Is your mom sending stuff to her old hometown/people she knows personally or is this through a charity or something? I have been trying to be more conscious of buying sustainable clothes but I have a good amount of polyester stuff that doesn't fit me anymore and I really don't want to give it to Goodwill if this is what's going to happen. Would appreciate any alternative ideas if you happen to know

No. 207826

Are there any clothing swap events where you live? Or friends/family who would want clothes?

No. 207914

I have way too many clothes, most that I don’t wear, but I can’t bring myself to get rid of them.

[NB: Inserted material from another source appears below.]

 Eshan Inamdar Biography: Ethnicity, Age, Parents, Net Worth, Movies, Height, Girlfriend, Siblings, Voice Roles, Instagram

I’m too emotionally attached to them, I’ve never really worn them and I don’t like most of them but also I feel like I’ll hurt someone’s feelings or (irrationally) hurt the clothes’ feelings if I get rid of them?? I prefer having a small wardrobe of dependable clothing but I have too much that I just don’t wear, should I bite the bullet and get rid of them or start wearing them to dodge the weird hyperempathy thing?
My hair used to be long (covered my boobs) and it’s very very thick. I always got an undercut and asked the stylist to thin it for me. I’m not sure about long hair threads but there’s a general hair advice thread on /g?

No. 207922

I got rid of most clothes I never or rarely wore and I really can’t remember most of them. I felt the same way but once you just do it then you don’t end up missing them.

No. 207927

>the weird hyperempathy thing
So I'm not the only one then… I wonder if it started with treating my stuffed animals as living beings for too long. Now I have a hard time "hurting" inanimate objects' feelings just like you, shit's so weird.

No. 207935

Sounds like you need some Marie Kondo in your life. In her decluttering book, she describes a method of thanking your things in order to let them go.

No. 209446

great topic, i love this! if you're trying to declutter your closet, keep your local domestic violence/homeless/emergency shelter in mind or see if you have a local Buy Nothing group before donating it to shops. i just buy exactly what i know i'll wear from secondhand shops: 100% cotton/linen shirts, sturdy jeans, thermal shirts in neutral colors, basic tees, long skirts, and nice cardigans/sweaters. that comprises probably 90% of my wardrobe. other great tips are learning how to mend your own clothing or repurpose old textiles, like for rags.